Australia will support whatever the United States does in the UN and the UN Security Council. They will both oppose Palestinian statehood.

While the bid for a state of Palestine is fraught with difficulties and problems, it would permit a bargaining position for the Palestinians and force Hamas and Abbas to find a modus vivendi in order to consolidate negotiating positions with Israel.

Ultimately, because it will have no other choice, Israel and Palestine will have to live together, and the ultimate answer for the land of Palestine is for it to become one democratic Israeli-Palestinian state which both sides of the problem refuse to contemplate at the moment.

As fro the other issue in Altman's article, Boycott, Divestment and Sanctions (BDS) worked with the apartheid South African regime, when many international multi-national organisations pulled the plug on their South African operations.

The BDS support is growing internationally daily, and although at this stage the USA still supports Israel unreservedly, some of its long-term At=rab allies are beginning to raise questions.

Whether they will prevail or not in the longer term, Israel has already damaged itself irreparably and the friends it has had will not be there in the indefinite future.

Now read Dennis Altman''s article:

Israel's opposition to recognising Palestine is a puzzle
Dennis Altman
September 19, 2011

The move to recognise Palestinian statehood is led by President Mahmoud Abbas.

The passionate support for Israel in Australia is also hard to explain.

FOR elements of both left and right in Australia, the Palestinian-Israeli dispute has become an issue of the first order, quite unrelated to any realistic assessment of its importance to Australia.

Some members of the Greens and the ALP support boycotts of Israeli products, which has created confrontations in Melbourne and Sydney. The mainstream of both major parties remains deeply committed to Israel, and any criticism of its government is denounced rather than discussed.

Even the suggestion that Australia might abstain from rather than oppose this week's General Assembly vote on recognising Palestinian statehood will bring abuse on the government.

Israel, backed by the United States, insists that admitting a Palestinian state to the United Nations would be a blow to the peace process. ''The road to peace,'' said US Secretary of State Hillary Clinton, ''runs through Jerusalem and Ramallah, not New York.''

It is understandable that the Israeli government does not want to legitimise the General Assembly as a mediator in the conflict. The assembly vote would recognise the pre-1967 borders of Israel, thus eliminating large areas of Israeli settlement over the past 30 years.
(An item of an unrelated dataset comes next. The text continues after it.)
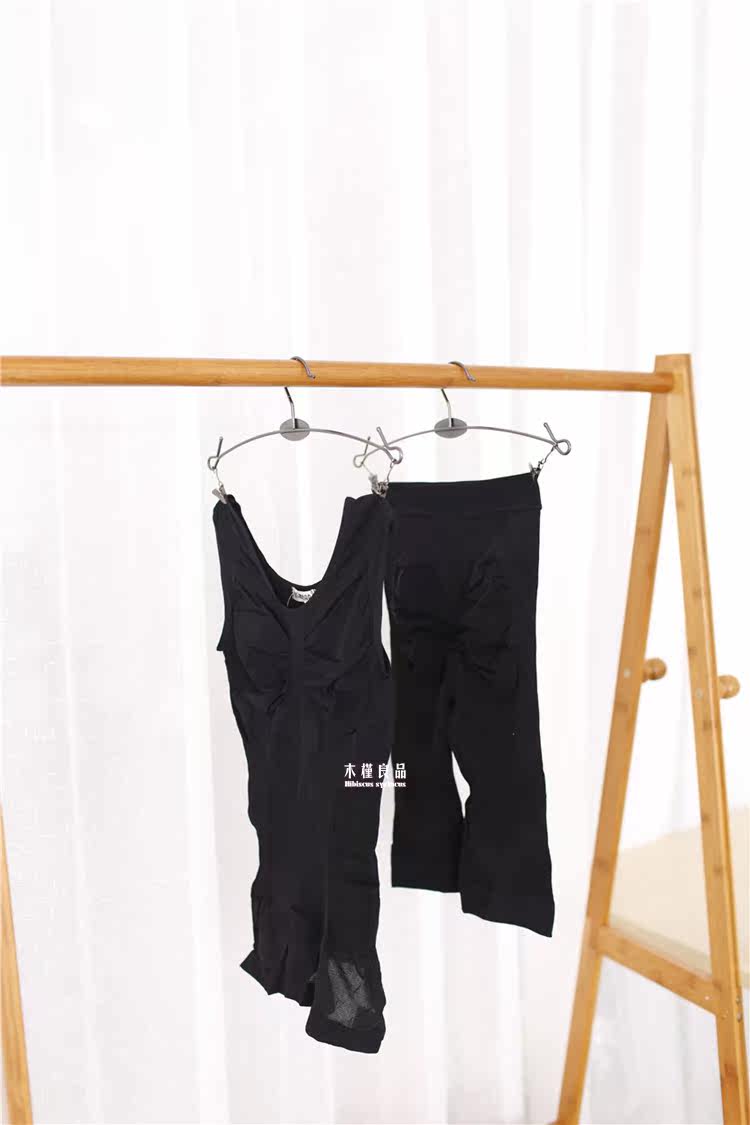 Corset amincissant en nylon - Ref 696493 Image 4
Yet the Israeli government's adamant opposition to recognition of a Palestinian state is puzzling. If Israel is committed, as it says, to a two-state solution, would recognition not help in cementing support for the concept? Indeed, as increasing numbers of Palestinians and some Israelis come to argue that a two-state solution is no longer feasible, and as demographic changes threaten the ''Jewishness'' of Israel under its current borders, it is in Israel's long-term interests to build support for the two-state model.
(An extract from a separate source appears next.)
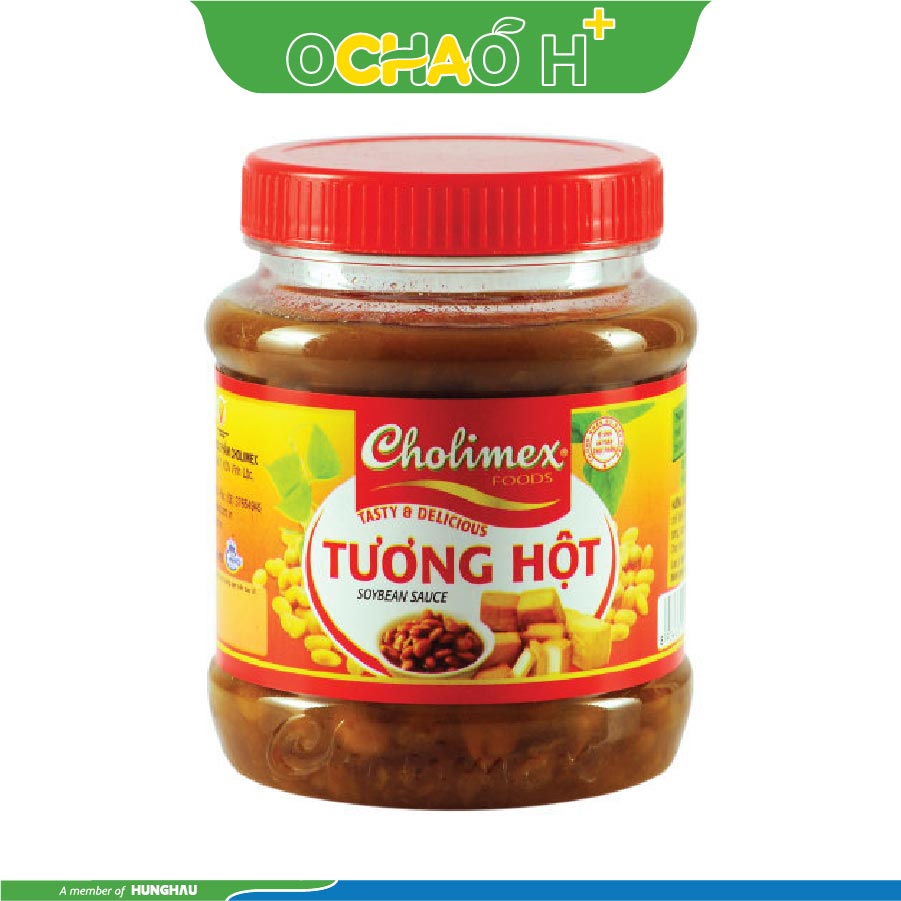 Tương Hột 450g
The move to recognise Palestinian statehood is led by the more moderate faction under President Mahmoud Abbas, with whom Israel has consistently claimed it can negotiate. Indeed, some senior Hamas figures have spoken against it: one claimed it would mean ''the Palestinian resistance won't be allowed to fire one single gunshot at the Israeli occupation''. Is this not for Israel a desirable outcome?

Since the 1967 war, Israel has consistently placed short-term tactical victories ahead of longer-term strategic thinking. It has relied on military force and American backing to maintain a status quo. But one consequence of the so-called Arab Spring is that Israel's de facto Arab allies, particularly Egypt, can no longer be relied on to back this status quo.
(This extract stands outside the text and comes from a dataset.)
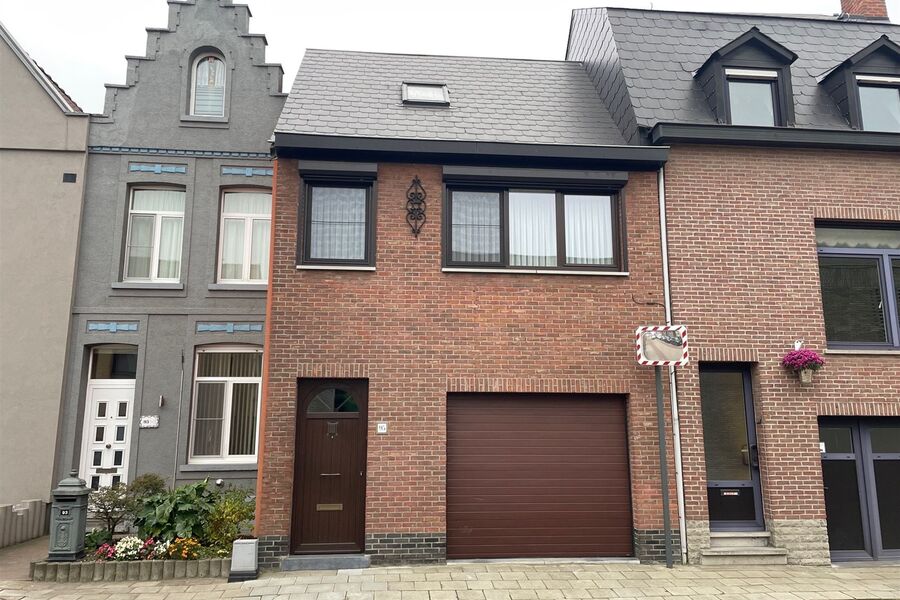 Huis te huur in mechelen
It is significant that Turkey is moving quickly from being a de facto ally of Israel to a leading proponent of the Palestinian cause. This does not mean that Turkey seeks the abolition of the state of Israel. It is a signal that the most powerful country in the region - and a democracy, despite the claim that Israel is the only such state in the Middle East - recognises that a paradigm shift is required.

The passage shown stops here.